The Dow Jones had a nice little spike recently. Don’t get too attached to it. It might be short-lived. The primary reason why the stocks held a major rally recently was due to oil stocks. Oil companies that are in the Dow Jones experienced a nice rally due to the short coverage of the global price of oil. This translated to a nice Dow Jones recovery.
As you can probably already tell, due to the global consumption slowdown, this is going to be a temporary thing. For the price of oil to sustain a price higher than $75-$80, a lot has to change on the ground. Unfortunately, the total global economic picture hasn’t really cleared up to pave the way for the sustained consumption to make it happen. There are still many open questions regarding the U.S. economy. There is a major question mark as to the overall health of the jobs recovery.

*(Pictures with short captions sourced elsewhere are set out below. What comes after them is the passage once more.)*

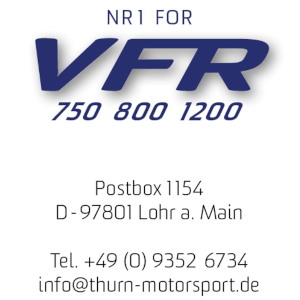 (c) Thurn-motorsport.de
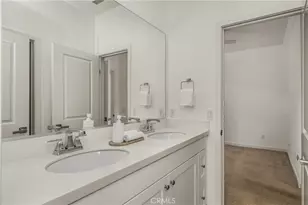 28 Baculo, Rancho Mission Viejo, CA 92694 - Photo 47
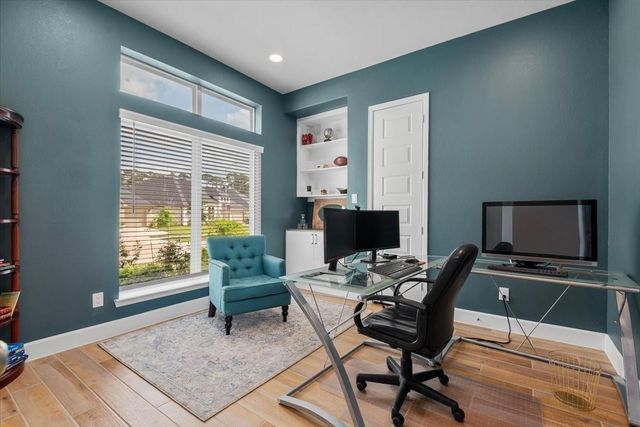 15349 Legacy Park Way, Magnolia, TX 77354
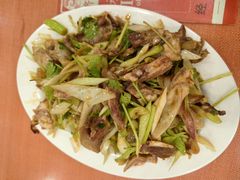 -教师之家赵家羊汤馆(东青龙街店)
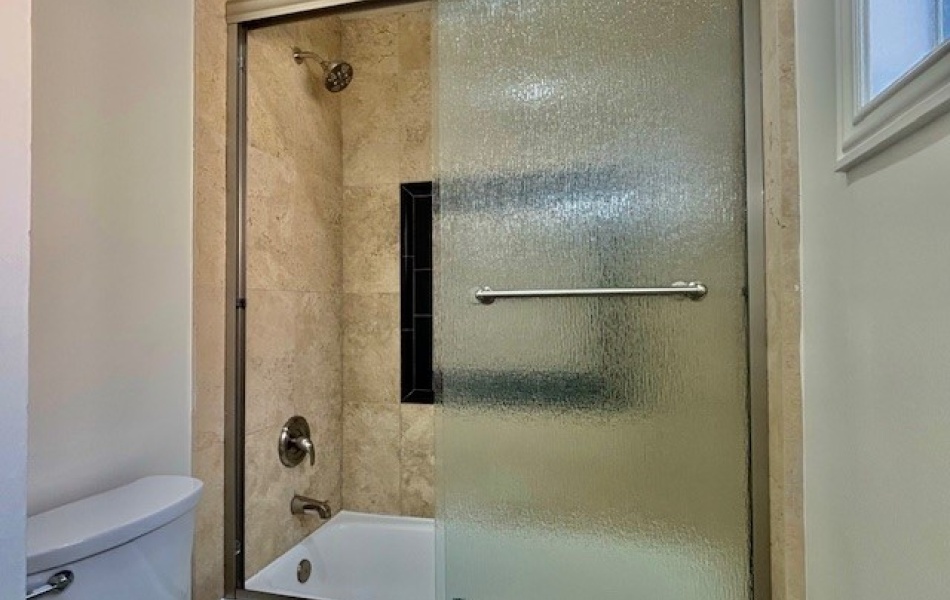 5015 River Avenue, Newport Beach, CA 92663, 4 Bedrooms Bedrooms, ,2.5 BathroomsBathrooms,Condominium,For Rent,River Avenue,1157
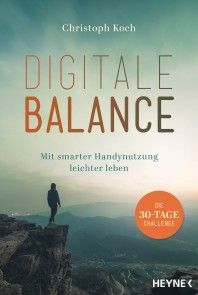 Digitale Balance Foto №1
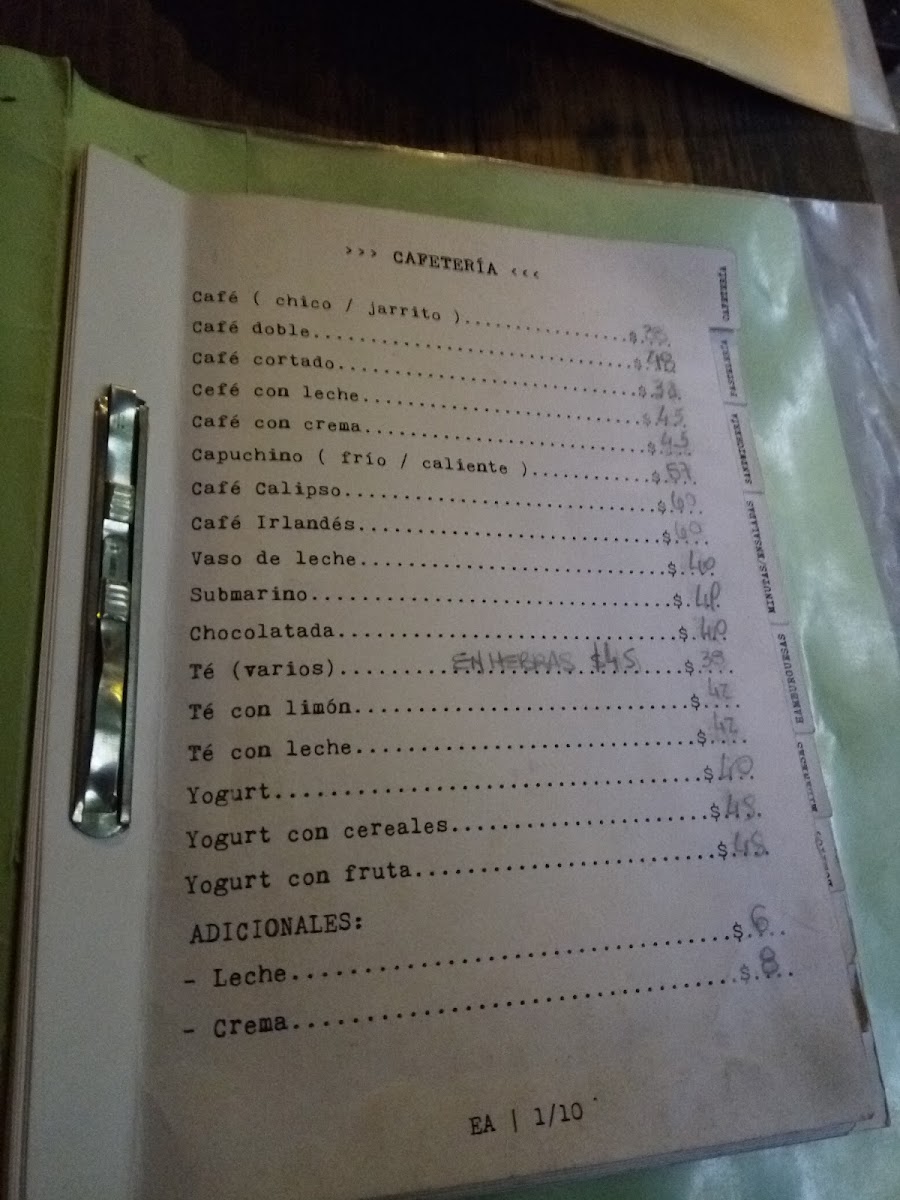 Menu El Archivo-2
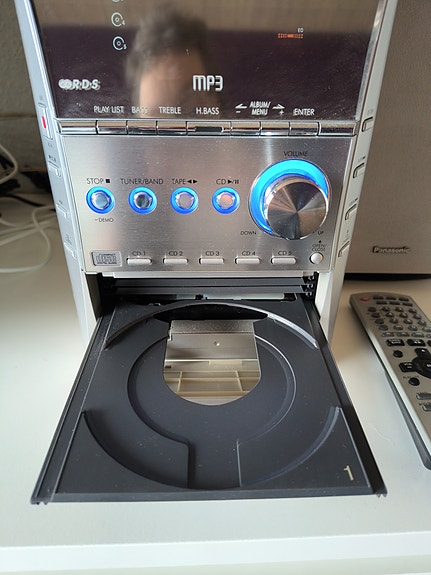 Product image 2 of 6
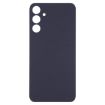 Samsung Galaxy A15 SM-A155F Battery Back Cover - Black - 2
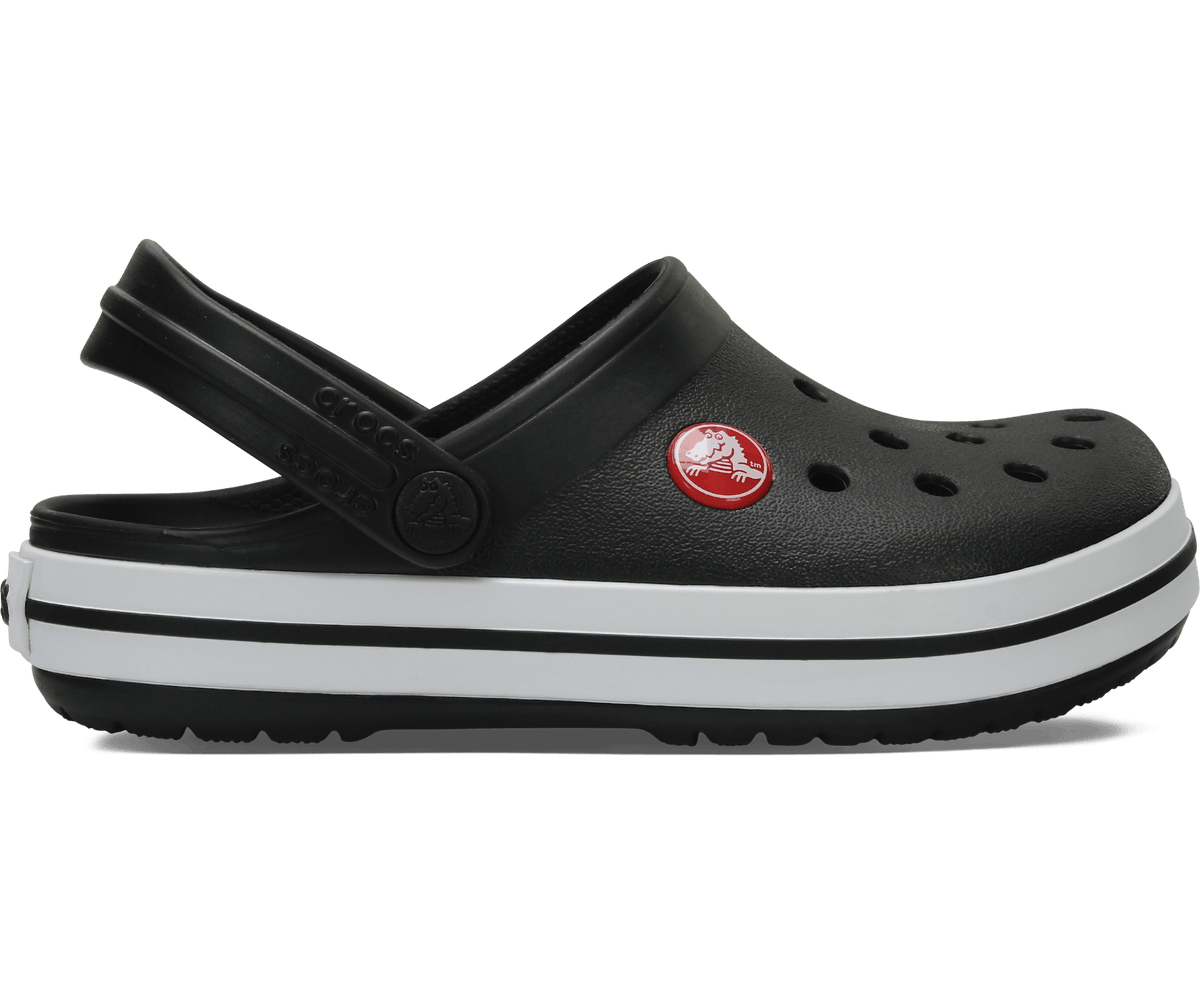 Crocs CrocbandClog – Kids'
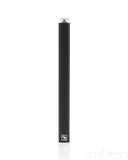 Jane West Solo One Hitter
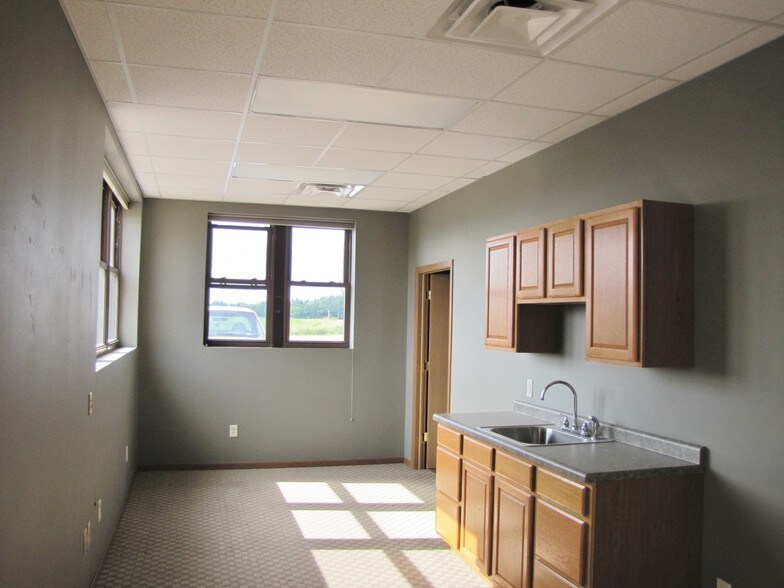 More Photos Of 1658 US Highway 8, Barron Warehouse For Sale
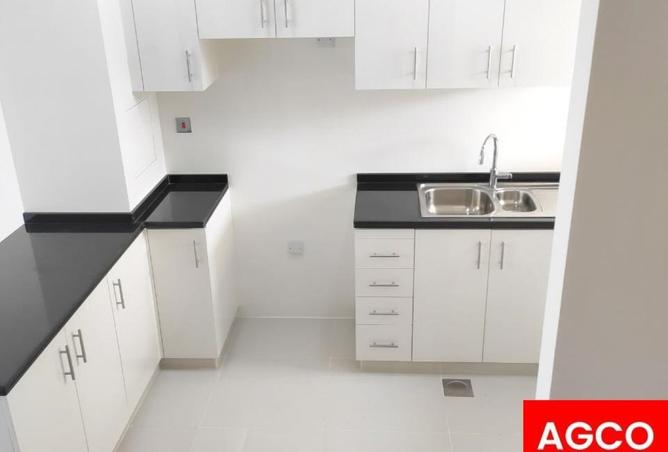 15499942 - Property Image 3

You have to remember that a record number of Americans have completely given up looking for work. This means that whatever official unemployment figure may be issued by the government is inherently suspect. In short, the American economy might be weaker than reported and this might impact oil’s global overall demand. Add to this the huge supply made possible by North American shale and, to a lesser extent, Canadian tar sands, and you can see why oil doesn’t really have much to go in terms of upward momentum. Once oil reaches a certain price range, supply pressures work to send that price crashing down. Any kind of optimism triggered by the recent Dow Jones spike can definitely lead to disappointment. There is more cause for optimism if the spike was caused by non-oil stocks.